With each turn in this Venetian Islands home in Miami Beach, views of tropical greenery, ocean and blue sky change as they would with the twist of a kaleidoscope. Here, the lens comes in the form of oversize windows and sliders and ribbons of glass that frame the beautiful natural setting.
Credit for the home goes to designer Luciana Fragali and builder Luis Bosch. Their assignment to create a comfortable home for a Brazilian couple and their three young sons was a breeze, so to speak, thanks to a lot of group think that included the homeowners. In just one year, the original 1950s home that once stood here was gone, with only a small portion of the structure left, and that, too, was modified.
Bosch came on board first, and soon afterward the couple began their search for a designer. The owners were introduced to Fragali through friends, and from there the design took off. “There are amazing beach homes in Brazil, and they wanted to have a home here that would recall that—a house that would be both contemporary and cozy and not pretentious,” Fragali says. It needed, she adds, to be a place their kids could play with their friends without worry, yet be just as appropriate for entertaining.

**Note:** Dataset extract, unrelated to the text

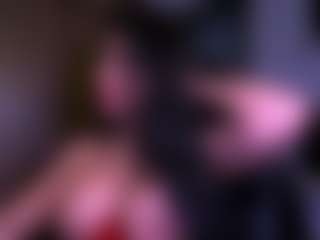 Layla Nicols's Live Sex Cam Show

Ironically, Bosch had remodeled this very home for the previous owners. “I do a lot of work in Miami Beach and have a lot of signs on my projects. The couple saw one of them, went online and called me. They were surprised to know I had worked on this home before,” he explains. At first, the owners only wanted to remodel the bathrooms and incorporate some millwork. “Then they got more and more excited about the home and just decided to do more and more,” Bosch says. “We ended up demolishing 50 percent of the home, and for the remaining 50 percent we removed the tie beams, left the walls and then raised them so we could install taller sliding glass doors to take in the views.”
Although the remodel was dramatic, it was carefully thought-out. “The owners decided, before anything was done, to move into the house for a month and identify their needs,” Fragali says. “From there, they pinpointed what they liked and what changes they wanted to make.” Various floor plans came from Bosch and Fragali, who also has a background in architecture. After several meetings with the clients, all worked together to lay out the final plan, with Tony Leon of 3Design serving as architect of record. From the start, the owners, particularly the wife, were part of the team. “She went to the site every day and purchased the specified materials,” Fragali says. “This was the smoothest project I’ve worked on. Whenever there was an issue, we sat down together and solved it.”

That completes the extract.